The last time I went to Vegas, last year, I stayed with a few friends several miles outside of the strip. It was an anodyne house on a lifeless cul-de-sac where walking to the nearby big-box store involved either crossing a harrowing four-lane highway and/or walking on an attenuated sidewalk barely wide enough to hold a ten-speed bike. There were people all around us, living their day-to-day lives, leaving for work at eight p.m. and coming home at five a.m. while we sat inside and watched NCAA tournament games and Ubered to the nearest casino to eat ribeyes and place twenty-dollar bets on next season’s Heisman Trophy race.
And it made me wonder if a town like this, sprouted out of the desert and fertilized with decades of bullshit and populated largely by tourists who treat as a destination spot for their transient alter egos, could ever manage to merge with reality.
III.
The first time a professional sports team flirted with a move to Las Vegas was in 1984. The Utah Jazz, struggling to attract fans in Salt Lake City, played 11 games at UNLV’s Thomas and Mack Center. ““It was very unique and very odd and very weird and it didn’t fit right in a lot of ways,” former Jazz public relations director Laura Herlovich told the Review-Journal. “And it was weird.”
Vegas has long trafficked on this weirdness. Weirdness was its currency. It was a place for men like Lefty Rosenthal; it was a place where Scorsese characters lurked around every corner.
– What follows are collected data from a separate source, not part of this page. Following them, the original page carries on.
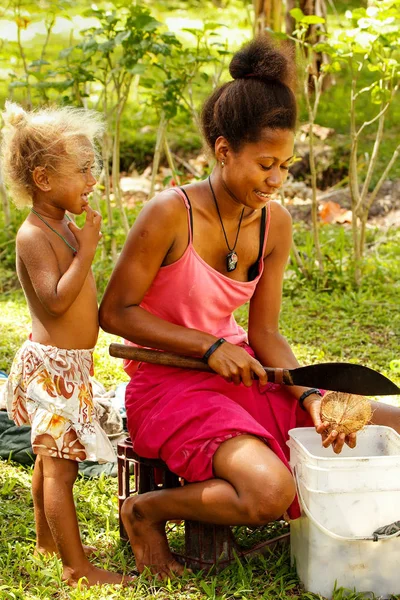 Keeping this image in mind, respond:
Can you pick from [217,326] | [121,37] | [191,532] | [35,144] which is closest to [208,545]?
[191,532]

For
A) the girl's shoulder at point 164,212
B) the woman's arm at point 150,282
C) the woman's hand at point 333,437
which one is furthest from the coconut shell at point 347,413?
the girl's shoulder at point 164,212

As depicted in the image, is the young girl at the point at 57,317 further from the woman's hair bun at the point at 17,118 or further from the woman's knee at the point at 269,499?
the woman's knee at the point at 269,499

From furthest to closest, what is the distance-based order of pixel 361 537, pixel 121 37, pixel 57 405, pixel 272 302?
1. pixel 121 37
2. pixel 272 302
3. pixel 57 405
4. pixel 361 537

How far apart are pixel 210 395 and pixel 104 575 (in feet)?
1.99

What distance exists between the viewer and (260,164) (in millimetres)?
2561

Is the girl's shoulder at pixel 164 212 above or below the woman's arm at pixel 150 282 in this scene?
above

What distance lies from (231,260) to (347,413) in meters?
0.65

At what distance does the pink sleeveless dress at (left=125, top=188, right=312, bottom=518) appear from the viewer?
246cm

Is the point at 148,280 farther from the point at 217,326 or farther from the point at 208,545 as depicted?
the point at 208,545

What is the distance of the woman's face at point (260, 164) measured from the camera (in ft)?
8.36

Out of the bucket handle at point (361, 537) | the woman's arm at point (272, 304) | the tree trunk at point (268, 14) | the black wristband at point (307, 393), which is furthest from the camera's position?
the tree trunk at point (268, 14)

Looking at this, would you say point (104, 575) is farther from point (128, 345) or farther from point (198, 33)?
point (198, 33)

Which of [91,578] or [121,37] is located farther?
[121,37]

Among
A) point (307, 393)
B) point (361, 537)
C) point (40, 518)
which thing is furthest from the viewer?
point (307, 393)
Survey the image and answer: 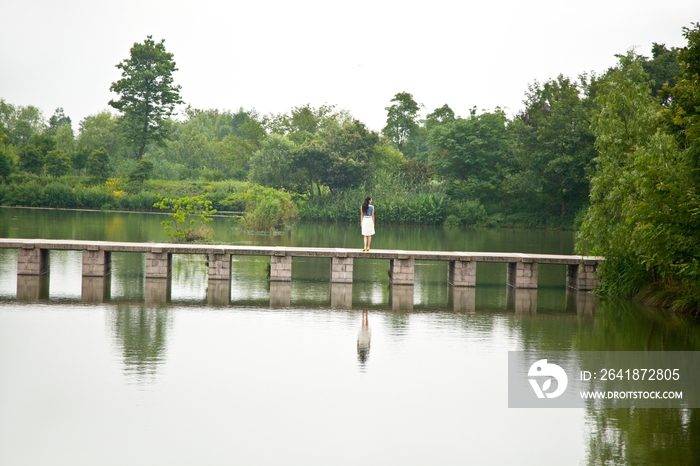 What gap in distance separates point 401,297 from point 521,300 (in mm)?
2504

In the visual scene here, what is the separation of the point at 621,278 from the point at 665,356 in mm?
6056

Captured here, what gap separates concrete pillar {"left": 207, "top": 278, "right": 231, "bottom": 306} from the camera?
15.1m

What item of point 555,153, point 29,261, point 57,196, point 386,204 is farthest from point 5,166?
point 29,261

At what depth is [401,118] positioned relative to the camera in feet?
228

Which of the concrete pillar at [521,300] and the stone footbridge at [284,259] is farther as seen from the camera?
the stone footbridge at [284,259]

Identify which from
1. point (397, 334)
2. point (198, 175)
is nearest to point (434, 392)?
point (397, 334)

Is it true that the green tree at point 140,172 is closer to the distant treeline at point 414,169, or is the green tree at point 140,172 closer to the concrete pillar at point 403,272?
the distant treeline at point 414,169

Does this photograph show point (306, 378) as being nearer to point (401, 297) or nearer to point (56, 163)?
point (401, 297)

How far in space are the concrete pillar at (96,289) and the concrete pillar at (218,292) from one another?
6.36 feet

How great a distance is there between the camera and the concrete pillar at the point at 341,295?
600 inches

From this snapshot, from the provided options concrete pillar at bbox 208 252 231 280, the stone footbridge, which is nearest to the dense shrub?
the stone footbridge

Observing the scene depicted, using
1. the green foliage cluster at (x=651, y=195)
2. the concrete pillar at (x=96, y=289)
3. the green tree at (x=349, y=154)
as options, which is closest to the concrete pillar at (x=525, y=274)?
the green foliage cluster at (x=651, y=195)

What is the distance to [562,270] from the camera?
23.4 m

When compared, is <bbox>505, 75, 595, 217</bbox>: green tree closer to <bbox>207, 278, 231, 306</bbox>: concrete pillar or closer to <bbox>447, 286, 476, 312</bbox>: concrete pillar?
<bbox>447, 286, 476, 312</bbox>: concrete pillar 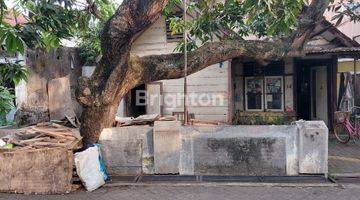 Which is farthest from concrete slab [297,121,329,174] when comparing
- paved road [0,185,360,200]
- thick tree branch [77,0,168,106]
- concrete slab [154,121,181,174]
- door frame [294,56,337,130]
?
door frame [294,56,337,130]

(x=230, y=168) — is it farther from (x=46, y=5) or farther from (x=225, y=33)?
(x=46, y=5)

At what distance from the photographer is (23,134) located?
25.4 feet

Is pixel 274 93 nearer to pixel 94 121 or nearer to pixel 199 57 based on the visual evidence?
pixel 199 57

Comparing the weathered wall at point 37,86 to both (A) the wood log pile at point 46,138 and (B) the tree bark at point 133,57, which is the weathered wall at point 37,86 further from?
(B) the tree bark at point 133,57

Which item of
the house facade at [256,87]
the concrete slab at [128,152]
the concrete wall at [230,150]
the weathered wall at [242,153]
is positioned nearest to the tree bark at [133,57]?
the concrete slab at [128,152]

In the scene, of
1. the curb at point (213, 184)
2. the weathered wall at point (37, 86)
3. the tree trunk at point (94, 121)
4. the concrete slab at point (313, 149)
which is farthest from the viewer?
the weathered wall at point (37, 86)

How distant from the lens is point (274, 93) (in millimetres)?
13742

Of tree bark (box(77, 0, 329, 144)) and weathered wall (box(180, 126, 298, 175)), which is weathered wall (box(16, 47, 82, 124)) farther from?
weathered wall (box(180, 126, 298, 175))

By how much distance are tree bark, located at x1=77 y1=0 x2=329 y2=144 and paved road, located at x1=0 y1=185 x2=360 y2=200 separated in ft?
5.06

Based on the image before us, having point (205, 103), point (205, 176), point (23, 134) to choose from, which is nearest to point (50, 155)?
point (23, 134)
It was not respectable, and it did not pretend to be respectable, which is why it literally advertised itself as a place to do unspeakable things. But then an opening arrived: The idea of gambling as an illicit activity began to fall away. You can gamble anywhere now, so Vegas became a hockey town, and then a football town, and maybe—idiotically—a baseball town. It all went above-board. I’d say it sold its soul, but the whole idea of Vegas was that it never had a soul.
So I have no idea where a place like this goes from here.
IV.
“Longtime residents will often say Vegas was better when the Mob ran it,” Geoff Schumacher, vice president of exhibits and programs at The Mob Museum in Vegas, told Yahoo’s Jay Busbee. “They’re looking back with nostalgia, a time when Vegas was a smaller place. If you were a regular at the Sands, you’d walk in, people would recognize you, comp you a buffet or give you a better seat at a table. You walk into these megaresorts today, you’re one of a million. No one recognizes you, prices are higher, there are not as many freebies.”
The Super Bowl feels like the ultimate line of demarcation. The Old Vegas is dead. The bodies are submerged in Lake Mead. Vegas is now a place that strives to compete for tourist dollars with other major cities; it is an Irish rock band in a virtual-reality dome and a corporate boondoggle disguised as a football game inside a stadium built for a team with almost zero hometown fans. It is an expensive town so desperate to get bigger and bigger and BIGGER that it is willing to serve as a bailout destination for the worst owner in modern Major League Baseball, even though literally no real person in this city seems to want him there in the first place.
And maybe all of this is enough of a fantasy to sustain the idea of Las Vegas, but at some point, bigger isn’t better. At some point, people start to see through the lie. They emerge into the sunlight, check their watches, and realize there’s nothing actually there.